Наконец она разразилась. Человечество узнало об этом на исходе XX века, когда общественная идеология начала стремительно меняться. Это было время глубокой мимикрии старого либерализма. Пресловутые liberal values их адепты стали теперь определять по-новому: не на общих социально-философских основаниях, а по линии отличий от советской коммунистической доктрины. Фактически происходила подмена тезиса, хотя социологи и политологи предпочитали об этом не говорить. Например, подчёркивалось более почтительное отношение либерального общества к политическим правам и свободам, чем то, которое имело место в бывшем Советском Союзе. Это было правдой. Однако многие прогрессивные публицисты обходили вниманием зеркальную ситуацию с социальными правами. Так называемый авторитаризм в условиях либерального общества проявляется не на уровне госаппарата, но переносится внутрь каждой отдельной корпорации, фактически устроенной по принципу тоталитарной секты. Об этом несколько лет назад прекрасно сказал художник, публицист и философ Максим Кантор: «Создать демократическую страну значило создать независимые корпорации, а их принцип работы отнюдь не демократичен. Называя вещи своими именами, – корпорация есть тоталитарное государство, функционирующее внутри так называемого демократического государства и обеспечивающее его жизнеспособность… Известная игрушка матрёшка является примером открытой или закрытой структуры? Матрёшка постоянно открывается, но открывается лишь затем, чтобы предъявить очередную закрытую матрёшку. В вечной способности открываться, и открываться напрасно, в вечном сочетании открытости и закрытости и есть смысл данной модели» (Кантор М. Матрёшка как образ истории. Тоталитарная суть открытого общества // www.rulife.ru/mode/article/1146).
На самом деле в основе полемики либералов и советских социалистов лежала элементарная, но тщательно скрываемая обеими сторонами диалектика целого и части. После развала советской империи эта манипуляция была удачно приспособлена политологами либерального лагеря для решения новых задач. Её положили в основу теории тоталитаризма и доктрины «конца истории», разработанной Френсисом Фукуямой.

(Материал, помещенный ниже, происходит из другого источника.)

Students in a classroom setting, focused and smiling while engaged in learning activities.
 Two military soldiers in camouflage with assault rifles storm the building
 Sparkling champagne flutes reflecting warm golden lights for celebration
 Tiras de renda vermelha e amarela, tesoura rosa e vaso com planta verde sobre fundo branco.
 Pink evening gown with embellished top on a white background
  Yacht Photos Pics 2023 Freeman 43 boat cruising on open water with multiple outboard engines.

На том же основании была выдвинута теория модернизации, или «догоняющего развития» стран бывшего восточного блока. Их обязывали поступить в своего рода коррекционный класс, а на деле влиться в глобальную политику и экономику на правах доноров (в частности, новых рынков сбыта). «Забыв» сказать, что при таких правилах игры экономические диспропорции не только не исчезнут, но будут увеличиваться. На самом деле теория модернизации была ничем иным, как новой версией колониализма. Раньше она применялась к отдалённым странам-колониям вроде Индии или Алжира, оправдывая западный протекторат. Затем прежний концептуальный каркас был наброшен на новые реалии. После небольшого апгрейда, замены старых коммунистических догм на новые – неолиберальные, её должны были испытать на себе свежеиспечённые пасынки глобального общества, в том числе и Россия (у нас модернизация была горячо поддержана истеблишментом после 2008 года).
Любопытно, однако, что европейские левые интеллектуалы (Фуко, Ги Дебор, Жан Бодрийяр и др.) ещё в 1960‑е годы прекрасно понимали прикладной и манипулятивный характер западного «политического суперэго» – так, используя фрейдомарксистский жаргон, они в то время обозначали неолиберальный тренд.
Но что знали в Европе, того не знали в России. Лишь в последнее десятилетие в российской прессе всё чаще можно было встретить последовательную критику неолиберального катехизиса (см., напр.: Кагарлицкий Б. Ю. Счет на миллионы. Хороший фашизм и фашизм плохой / Русская жизнь. 2009. № 11–12; Бузгалин А. В. Социальное освобождение и его друзья («Анти-Поппер») / Экономико-философские тетради. 2003. Вып. 1).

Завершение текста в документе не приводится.